I used to be a music lawyer and I was a bit of an authority (for a while) on sampling and sample clearance in the early ‘90’s.
Then I ran a bunch of dance labels and worked with a lot of electronic artists.
I have cleared a lot of samples but I have released way more records with samples in them that we didn’t bother to clear.
Why?
Because we thought that no-one would notice that we’d used their music - these were generally small specialist underground records - and that if they did, we would be able to agree something after the event, if the need ever arose.
The reality is that it was too much bother and too expensive to try and clear a sample of an obscure and hard to find piece of music or of a snippet of a big successful tune when you knew that your record was going to sell just a few thousand copies - i.e. we felt at the time that the risk was well worth it. And hundreds of thousands of records have been released with uncleared samples in them.

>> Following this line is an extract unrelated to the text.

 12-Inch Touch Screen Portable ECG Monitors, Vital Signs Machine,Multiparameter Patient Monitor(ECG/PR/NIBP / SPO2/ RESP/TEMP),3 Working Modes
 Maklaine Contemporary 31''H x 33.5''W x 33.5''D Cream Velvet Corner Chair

There are very, very few cases where someone who samples a record ends up in court - and there’s two reasons for that.
If your record containing an uncleared sample goes from being an underground momentary thing of interest to a limited audience to about to become a radio/commercial hit of any scale, you will quickly clear or remove/replace the offending sample(s). Well, you will, or the indie or major label that have come to sign your record will do it for you.
It’s when a record appears on everyone’s radar that it becomes time to clear it. At that point, if you don’t, you’re going to be in trouble. Remember the adage ‘“Where there’s a hit there’s a writ” - it is the absolute truth.

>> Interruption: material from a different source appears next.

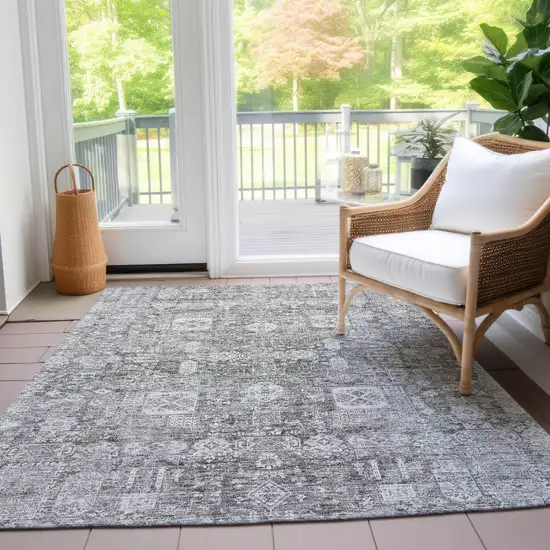 Gray Silver And Charcoal Oriental Washable Indoor Outdoor Area Rug Photo 9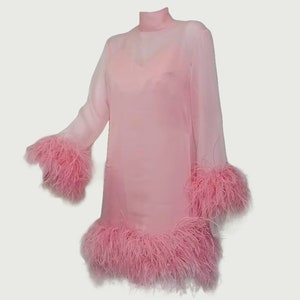 MARAYA Lady Pink Long Sleeve mini Feather dress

Secondly, if your record contains a sample and you didn’t clear it, you are infringing the original owner’s copyright - and they have you ‘bang to rights’. If they do discover your small scale release and if they care enough to contact you and point out your infringement, then in most cases they can see that going to court is pointless as you, the sampler, won’t have any money worth suing you for!

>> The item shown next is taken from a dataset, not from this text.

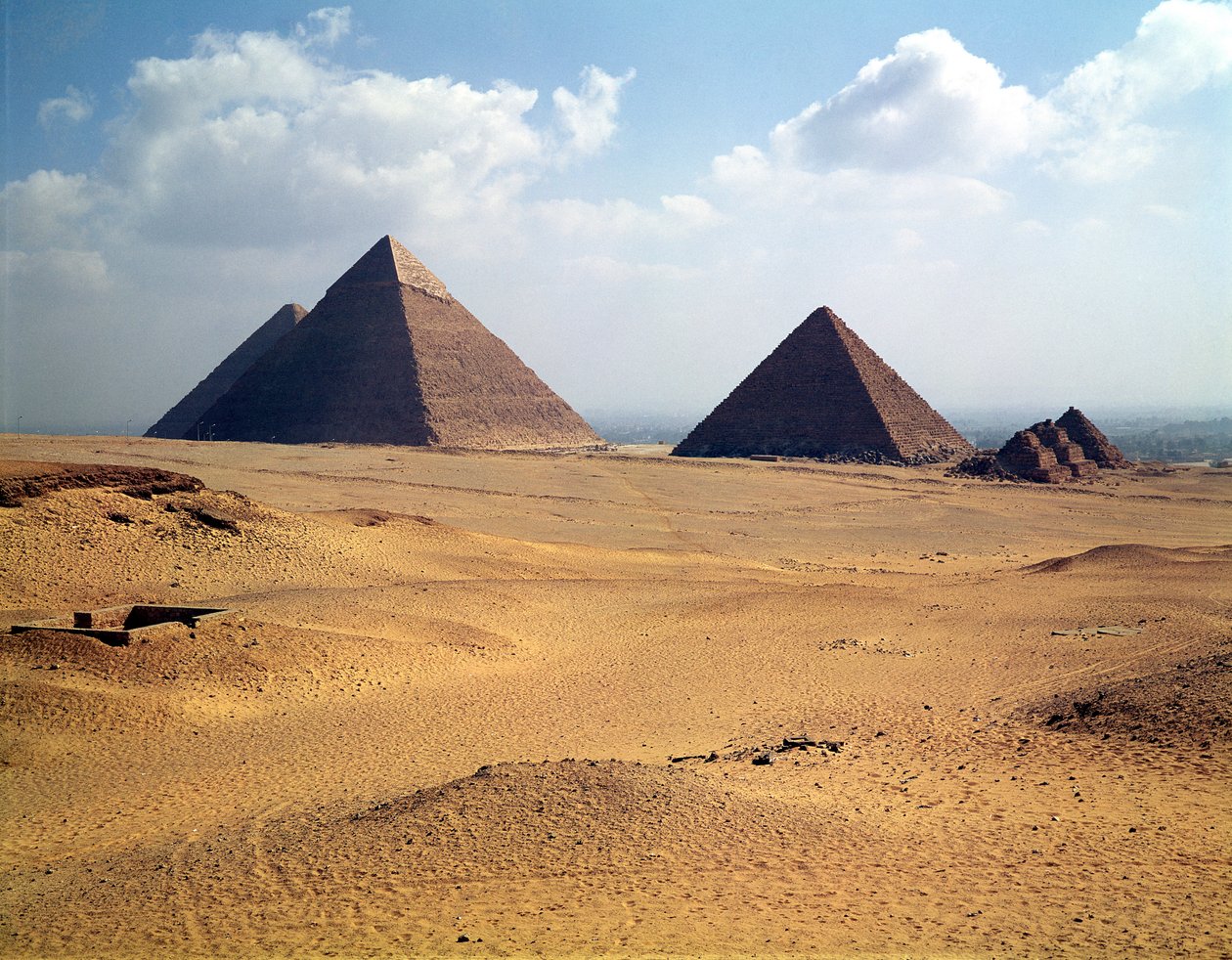 View of the Pyramids of Cheops, Chephren and Mycerinus by Old Kingdom Egyptian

So, generally they approach the sampler and point this fact out and you work out a deal. Hence, court case avoided.
When you sample another person’s music you are reproducing two different copyrights - the recording itself but also the underlying musical work (the song - that part which a music publisher deals with, rather than a record label).
For those that find that a difficult distinction, think of the days when all pop stars sang songs written by songwriters. Think Elvis and Leiber & Stoller.
Leiber & Stoller create the copyright which is the song - it can be written on sheet music before it is ever performed and recorded. Then, when it is performed by Elvis, he (or his record company) have created another different copyright in that recording of that performance. Every new and different recording is a new copyright.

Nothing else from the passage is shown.